Después, las cosas que pasan necesitan que se hable de ellas. También requieren atención; llegar al espacio común. Comprobar que ese todo encaja. E incluso, que el verbo encajar cabe en sí mismo. Hablar, hablar, hablar. Y no por hablar; hay mucho que decir. A cada idea, mínimo, le corresponde un diálogo. A cada sentimiento, lo mismo. Aquel día fue surrealista, pero tan real como el surrealismo mismo. Aquel día me levanté para abrir la puerta y no cerrarla más. Aquel surrealismo me dio tal hostia de realismo que no hay precinto que eche el cierre. Afortunadamente, ante el frío siempre hay un cortavientos que lo calme; y submarinos amarillos helados contra el calor. Para la locura del entretiempo existe la cordura de su temperatura.

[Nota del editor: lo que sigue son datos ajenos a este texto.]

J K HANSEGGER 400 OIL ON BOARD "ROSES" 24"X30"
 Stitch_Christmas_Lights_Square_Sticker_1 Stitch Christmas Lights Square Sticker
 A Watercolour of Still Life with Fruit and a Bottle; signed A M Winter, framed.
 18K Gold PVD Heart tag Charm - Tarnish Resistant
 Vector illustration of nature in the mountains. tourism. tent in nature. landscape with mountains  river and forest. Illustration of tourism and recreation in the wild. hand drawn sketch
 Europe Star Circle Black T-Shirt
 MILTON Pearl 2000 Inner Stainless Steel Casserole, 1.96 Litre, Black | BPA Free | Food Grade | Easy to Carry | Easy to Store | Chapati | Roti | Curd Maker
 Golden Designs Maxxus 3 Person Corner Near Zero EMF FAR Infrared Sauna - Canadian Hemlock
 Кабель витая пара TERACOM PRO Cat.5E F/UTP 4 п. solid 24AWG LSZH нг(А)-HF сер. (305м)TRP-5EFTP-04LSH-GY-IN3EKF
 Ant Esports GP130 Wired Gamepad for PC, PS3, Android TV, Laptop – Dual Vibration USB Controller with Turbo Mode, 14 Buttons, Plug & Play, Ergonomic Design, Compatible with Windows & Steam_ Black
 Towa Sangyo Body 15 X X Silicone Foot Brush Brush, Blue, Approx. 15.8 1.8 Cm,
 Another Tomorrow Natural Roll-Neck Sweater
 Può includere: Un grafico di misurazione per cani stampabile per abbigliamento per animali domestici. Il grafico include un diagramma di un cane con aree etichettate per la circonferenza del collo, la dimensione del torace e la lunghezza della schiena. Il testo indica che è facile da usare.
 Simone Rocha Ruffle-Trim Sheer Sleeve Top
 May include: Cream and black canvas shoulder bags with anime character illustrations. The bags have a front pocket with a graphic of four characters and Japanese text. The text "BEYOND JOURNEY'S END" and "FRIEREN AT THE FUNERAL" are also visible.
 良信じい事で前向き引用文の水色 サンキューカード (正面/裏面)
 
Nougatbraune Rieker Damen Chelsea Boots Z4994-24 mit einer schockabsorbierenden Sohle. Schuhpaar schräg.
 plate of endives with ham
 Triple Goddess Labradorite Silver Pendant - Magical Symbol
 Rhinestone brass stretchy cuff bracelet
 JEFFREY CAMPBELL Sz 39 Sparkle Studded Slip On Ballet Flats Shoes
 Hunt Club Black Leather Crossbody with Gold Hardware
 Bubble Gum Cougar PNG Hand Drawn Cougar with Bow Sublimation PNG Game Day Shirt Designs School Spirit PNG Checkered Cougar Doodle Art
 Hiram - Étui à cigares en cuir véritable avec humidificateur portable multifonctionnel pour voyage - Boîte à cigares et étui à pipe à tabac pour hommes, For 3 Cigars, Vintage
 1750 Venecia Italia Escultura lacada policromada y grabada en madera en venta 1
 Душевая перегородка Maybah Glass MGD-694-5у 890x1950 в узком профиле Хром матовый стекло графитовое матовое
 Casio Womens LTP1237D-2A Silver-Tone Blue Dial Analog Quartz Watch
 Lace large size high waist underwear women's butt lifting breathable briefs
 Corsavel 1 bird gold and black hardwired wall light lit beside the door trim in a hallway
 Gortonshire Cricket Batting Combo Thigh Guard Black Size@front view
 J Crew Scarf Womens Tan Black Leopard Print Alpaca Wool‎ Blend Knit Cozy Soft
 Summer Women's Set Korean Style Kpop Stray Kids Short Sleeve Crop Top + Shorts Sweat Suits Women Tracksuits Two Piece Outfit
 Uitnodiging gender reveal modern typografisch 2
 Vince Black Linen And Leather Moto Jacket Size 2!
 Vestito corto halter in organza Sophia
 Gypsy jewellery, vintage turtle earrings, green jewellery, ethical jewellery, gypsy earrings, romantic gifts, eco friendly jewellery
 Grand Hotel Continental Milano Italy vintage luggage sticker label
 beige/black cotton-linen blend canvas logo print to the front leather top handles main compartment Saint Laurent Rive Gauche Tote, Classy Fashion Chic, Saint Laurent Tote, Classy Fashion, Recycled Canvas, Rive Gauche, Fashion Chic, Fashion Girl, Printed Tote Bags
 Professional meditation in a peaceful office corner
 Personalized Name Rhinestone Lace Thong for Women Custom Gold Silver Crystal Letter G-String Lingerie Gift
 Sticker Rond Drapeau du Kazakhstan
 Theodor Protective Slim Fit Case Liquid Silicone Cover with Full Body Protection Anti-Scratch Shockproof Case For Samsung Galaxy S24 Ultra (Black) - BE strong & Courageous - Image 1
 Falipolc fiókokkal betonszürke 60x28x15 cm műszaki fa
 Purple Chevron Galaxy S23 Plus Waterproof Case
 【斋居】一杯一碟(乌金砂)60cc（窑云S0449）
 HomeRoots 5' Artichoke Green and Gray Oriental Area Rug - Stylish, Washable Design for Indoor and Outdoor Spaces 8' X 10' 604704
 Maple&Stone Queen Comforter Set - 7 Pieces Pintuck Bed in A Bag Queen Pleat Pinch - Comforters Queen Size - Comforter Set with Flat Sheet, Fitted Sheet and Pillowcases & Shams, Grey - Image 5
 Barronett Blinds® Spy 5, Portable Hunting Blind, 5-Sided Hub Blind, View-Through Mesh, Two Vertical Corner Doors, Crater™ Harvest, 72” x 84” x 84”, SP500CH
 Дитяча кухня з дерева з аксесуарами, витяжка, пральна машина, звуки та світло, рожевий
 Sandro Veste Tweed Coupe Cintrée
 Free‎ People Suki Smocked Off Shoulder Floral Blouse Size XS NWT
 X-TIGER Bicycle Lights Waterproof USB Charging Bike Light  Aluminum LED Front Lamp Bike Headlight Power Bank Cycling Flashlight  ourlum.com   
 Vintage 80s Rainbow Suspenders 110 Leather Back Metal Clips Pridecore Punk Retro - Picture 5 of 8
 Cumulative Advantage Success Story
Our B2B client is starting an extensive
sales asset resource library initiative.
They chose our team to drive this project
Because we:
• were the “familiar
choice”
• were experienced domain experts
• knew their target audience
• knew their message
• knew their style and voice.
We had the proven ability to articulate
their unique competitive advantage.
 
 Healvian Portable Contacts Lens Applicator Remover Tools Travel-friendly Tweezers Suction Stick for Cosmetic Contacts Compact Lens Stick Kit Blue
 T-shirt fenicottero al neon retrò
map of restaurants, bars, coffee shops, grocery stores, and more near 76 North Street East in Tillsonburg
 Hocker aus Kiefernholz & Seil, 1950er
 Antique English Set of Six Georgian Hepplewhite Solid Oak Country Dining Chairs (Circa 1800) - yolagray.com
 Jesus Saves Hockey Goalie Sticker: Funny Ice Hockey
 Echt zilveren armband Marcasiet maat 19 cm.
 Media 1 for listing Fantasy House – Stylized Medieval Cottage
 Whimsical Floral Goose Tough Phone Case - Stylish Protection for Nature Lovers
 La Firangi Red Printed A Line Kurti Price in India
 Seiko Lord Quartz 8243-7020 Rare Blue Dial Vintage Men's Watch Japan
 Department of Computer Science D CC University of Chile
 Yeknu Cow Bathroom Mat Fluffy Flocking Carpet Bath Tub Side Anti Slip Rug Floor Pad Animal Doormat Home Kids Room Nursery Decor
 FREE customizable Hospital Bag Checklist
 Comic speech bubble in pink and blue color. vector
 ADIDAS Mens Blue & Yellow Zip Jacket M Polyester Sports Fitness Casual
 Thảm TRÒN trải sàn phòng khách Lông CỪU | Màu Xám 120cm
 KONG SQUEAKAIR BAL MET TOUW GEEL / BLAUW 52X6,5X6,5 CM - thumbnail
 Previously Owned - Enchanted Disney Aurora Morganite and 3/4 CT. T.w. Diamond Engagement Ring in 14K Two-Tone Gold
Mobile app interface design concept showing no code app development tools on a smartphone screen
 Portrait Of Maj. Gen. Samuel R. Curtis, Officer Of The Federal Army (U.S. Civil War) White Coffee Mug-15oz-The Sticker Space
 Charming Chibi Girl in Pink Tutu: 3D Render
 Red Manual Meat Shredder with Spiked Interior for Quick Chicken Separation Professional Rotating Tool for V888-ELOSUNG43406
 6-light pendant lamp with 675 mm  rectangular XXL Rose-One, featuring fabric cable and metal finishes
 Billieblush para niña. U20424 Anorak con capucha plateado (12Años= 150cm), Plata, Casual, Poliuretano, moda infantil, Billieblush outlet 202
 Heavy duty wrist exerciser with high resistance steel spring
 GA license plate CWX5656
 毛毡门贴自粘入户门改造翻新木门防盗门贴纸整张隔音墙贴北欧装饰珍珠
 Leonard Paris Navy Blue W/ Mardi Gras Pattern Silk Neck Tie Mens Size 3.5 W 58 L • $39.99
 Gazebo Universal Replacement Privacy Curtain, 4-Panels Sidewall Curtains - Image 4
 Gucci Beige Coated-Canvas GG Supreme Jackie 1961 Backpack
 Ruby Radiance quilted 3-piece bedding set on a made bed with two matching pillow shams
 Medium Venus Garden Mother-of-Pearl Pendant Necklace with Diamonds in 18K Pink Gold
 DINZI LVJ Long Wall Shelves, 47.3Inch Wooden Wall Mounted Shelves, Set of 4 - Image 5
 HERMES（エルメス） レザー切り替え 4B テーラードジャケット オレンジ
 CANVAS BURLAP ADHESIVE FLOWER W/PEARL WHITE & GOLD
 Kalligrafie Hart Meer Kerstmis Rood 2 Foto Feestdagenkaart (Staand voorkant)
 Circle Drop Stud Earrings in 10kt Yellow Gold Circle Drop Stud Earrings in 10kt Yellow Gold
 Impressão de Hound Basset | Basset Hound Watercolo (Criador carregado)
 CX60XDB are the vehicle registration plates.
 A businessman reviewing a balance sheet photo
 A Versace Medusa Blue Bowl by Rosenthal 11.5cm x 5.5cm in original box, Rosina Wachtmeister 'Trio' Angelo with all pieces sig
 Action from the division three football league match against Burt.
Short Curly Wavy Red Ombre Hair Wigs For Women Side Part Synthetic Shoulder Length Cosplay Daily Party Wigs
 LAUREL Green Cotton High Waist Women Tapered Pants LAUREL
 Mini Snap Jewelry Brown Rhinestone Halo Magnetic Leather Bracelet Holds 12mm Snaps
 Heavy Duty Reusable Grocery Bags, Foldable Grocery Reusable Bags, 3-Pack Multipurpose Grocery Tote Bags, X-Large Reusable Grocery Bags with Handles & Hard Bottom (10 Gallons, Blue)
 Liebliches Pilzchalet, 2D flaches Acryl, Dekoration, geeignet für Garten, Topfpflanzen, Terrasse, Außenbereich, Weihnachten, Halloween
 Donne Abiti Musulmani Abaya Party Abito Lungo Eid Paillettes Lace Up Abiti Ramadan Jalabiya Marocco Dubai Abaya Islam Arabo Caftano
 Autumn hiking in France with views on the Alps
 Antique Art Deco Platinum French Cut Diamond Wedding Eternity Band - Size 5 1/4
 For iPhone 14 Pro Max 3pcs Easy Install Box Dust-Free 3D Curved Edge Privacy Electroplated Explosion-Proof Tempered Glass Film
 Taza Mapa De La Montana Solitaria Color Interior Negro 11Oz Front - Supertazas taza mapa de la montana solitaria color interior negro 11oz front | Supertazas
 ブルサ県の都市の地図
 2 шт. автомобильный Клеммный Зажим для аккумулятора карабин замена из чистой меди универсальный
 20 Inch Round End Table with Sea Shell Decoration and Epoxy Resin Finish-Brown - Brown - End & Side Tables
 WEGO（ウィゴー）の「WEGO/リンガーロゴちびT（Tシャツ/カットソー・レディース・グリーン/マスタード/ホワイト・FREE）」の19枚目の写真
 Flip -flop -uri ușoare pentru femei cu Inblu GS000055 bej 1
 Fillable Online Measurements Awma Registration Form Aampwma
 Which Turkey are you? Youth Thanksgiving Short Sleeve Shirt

Cada día vienen nuevas remesas de cosas que pasaron y que no se hablaron. O que sí, pero que luchan por gritar, piden materializarse, cumplirse, superarse, atravesar, lograrlo... Tras el párpado pasan más cosas, pasan por delante, pasan desapercibidas o pasan de ti, pero pasan. Nunca dejan de pasar. Aquel día las tres fueron las nueve; las ocho, las dos; las diez restó cinco; las cuatro se rebeló contra sus cuartos... Aquel día lo cambió todo. Las cosas se hablaron. Una mirada tan ausente como inocente arropó la duda de la decisión. Las cosas no pasan y ya, buscan su propia sutura y el hilo rojo conductor que amarre el sentido en el puerto correspondiente; al que no le importa la ruta de no retorno.